Taylor was not immediately available for comment when just-auto attempted to contact him in Florida, but overnight reports in France indicate the chief executive is maintaining the letter was not made public by him.

That has not stopped Montebourg from issuing a furious riposte however, in his own letter addressed to Taylor, in which the Minister notes US companies are the largest overseas investors in France, with some 4,200 operating.

"Your extreme, as well as insulting, remarks demonstrate a perfect ignorance of what our country is about, such as its global attraction and links with the US," said Montebourg. "But above all, as much as your disparaging and ridiculous suggestions, these business know and appreciate the French workforce, its commitment and talent.

"Can I remind you that Titan, the business you run, is 20 times smaller than Michelin, our international technological leader and 35 times less profitable.

"France is proud to welcome American investment [and] our two countries are linked by an ancient and passionate friendship. We French will never forget the sacrifice of young American soldiers on the beaches of Normandy to liberate us from Nazism in 1944."

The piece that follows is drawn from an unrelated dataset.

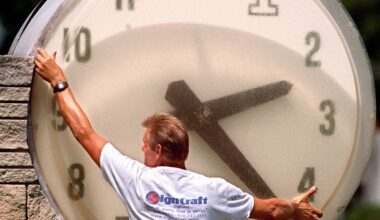 When does daylight saving time 2025 end? Time change coming this fall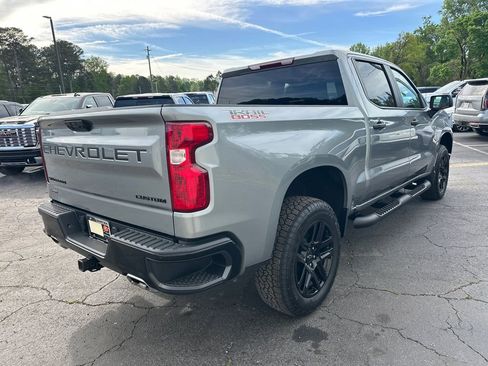 Used 2024 Chevrolet Silverado 1500 Custom Trail Boss w/ LPO, Dark Essentials Package AWD/4WD image 6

A spokeswoman for the Economics Minister in Paris told just-auto Taylor's letter made reference to using Indian workers and paying them EUR1 (US$1.32) per hour, but Montebourg specifically warned against so-called 'dumping' techniques.

"You raise your intention to exploit workers in certain countries to flood our markets," said the Minister. "I have to tell you this short term, reprehensible calculation will come up, sooner or later, against a justifiable reaction.

"Such is the case already that France and its allies are organising themselves against dumping. In the meantime, rest assured, I will be looking with redoubled zeal at your imported tyres."

Goodyear plans to close its Amiens Nord factory in France with the potential loss of almost 1,200 jobs, a move that has incensed unions, notably the hardline CGT labour body, with the French government asking its Agence Francaise des Investissements Internationaux to seek a buyer.

For its part the CGT, which claims to represent 80% of the Goodyear Amiens Nord workforce, has denounced Taylor's comments as "an insult, not only to workers [but to] democracy," representing what the union maintains is the state of mind of multinationals.

"If there were still any naive people with regard to the attitude of multinational directors, we have the confirmation by letter of what they are thinking," said CGT secretary-general, Bernard Thibault.